#### Exercise directions
Each line of the entries below that holds "Luxury" is needed, copied in full.

#### The records
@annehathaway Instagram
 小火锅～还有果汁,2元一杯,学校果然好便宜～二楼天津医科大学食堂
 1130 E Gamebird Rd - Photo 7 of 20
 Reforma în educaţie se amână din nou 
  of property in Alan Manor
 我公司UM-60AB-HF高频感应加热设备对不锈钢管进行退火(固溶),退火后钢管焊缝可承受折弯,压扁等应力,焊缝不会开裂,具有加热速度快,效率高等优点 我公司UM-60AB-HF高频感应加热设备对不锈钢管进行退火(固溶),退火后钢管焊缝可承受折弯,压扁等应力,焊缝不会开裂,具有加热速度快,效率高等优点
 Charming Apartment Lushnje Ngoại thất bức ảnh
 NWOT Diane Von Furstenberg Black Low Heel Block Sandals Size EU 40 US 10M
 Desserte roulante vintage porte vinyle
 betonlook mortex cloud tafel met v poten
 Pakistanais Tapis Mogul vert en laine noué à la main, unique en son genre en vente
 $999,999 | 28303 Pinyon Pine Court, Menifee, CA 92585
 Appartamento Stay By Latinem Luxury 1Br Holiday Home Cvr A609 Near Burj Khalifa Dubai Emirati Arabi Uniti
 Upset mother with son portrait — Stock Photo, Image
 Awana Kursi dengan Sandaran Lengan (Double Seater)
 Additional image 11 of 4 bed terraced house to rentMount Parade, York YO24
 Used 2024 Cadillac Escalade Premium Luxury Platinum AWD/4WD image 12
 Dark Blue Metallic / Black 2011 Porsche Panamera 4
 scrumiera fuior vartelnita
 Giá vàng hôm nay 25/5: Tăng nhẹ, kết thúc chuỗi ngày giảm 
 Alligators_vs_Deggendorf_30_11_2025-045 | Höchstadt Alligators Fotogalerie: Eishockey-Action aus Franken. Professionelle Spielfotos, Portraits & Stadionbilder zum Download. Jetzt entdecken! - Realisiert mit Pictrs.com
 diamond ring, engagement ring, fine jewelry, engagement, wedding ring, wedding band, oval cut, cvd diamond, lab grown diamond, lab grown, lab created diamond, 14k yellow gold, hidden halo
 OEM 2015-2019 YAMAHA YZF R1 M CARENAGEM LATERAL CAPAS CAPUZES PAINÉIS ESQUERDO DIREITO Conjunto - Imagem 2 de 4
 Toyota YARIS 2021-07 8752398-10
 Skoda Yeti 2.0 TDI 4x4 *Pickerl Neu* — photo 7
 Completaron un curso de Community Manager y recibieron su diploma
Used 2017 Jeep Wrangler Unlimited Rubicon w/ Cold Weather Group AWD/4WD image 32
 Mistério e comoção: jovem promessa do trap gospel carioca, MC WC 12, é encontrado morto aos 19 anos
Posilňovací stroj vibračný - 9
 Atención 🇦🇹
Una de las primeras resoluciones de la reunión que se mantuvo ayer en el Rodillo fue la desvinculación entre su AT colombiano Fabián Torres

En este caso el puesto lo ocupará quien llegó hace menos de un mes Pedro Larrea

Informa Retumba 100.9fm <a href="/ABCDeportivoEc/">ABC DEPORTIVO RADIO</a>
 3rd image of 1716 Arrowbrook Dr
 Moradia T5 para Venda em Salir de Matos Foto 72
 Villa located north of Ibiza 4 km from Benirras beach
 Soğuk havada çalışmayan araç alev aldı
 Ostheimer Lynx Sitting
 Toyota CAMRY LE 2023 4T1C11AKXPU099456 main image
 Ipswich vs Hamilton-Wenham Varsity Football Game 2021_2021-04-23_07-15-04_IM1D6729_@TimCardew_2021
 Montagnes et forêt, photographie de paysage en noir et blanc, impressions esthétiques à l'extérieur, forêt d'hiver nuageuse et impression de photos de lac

#### Solution
 Appartamento Stay By Latinem Luxury 1Br Holiday Home Cvr A609 Near Burj Khalifa Dubai Emirati Arabi Uniti
 Used 2024 Cadillac Escalade Premium Luxury Platinum AWD/4WD image 12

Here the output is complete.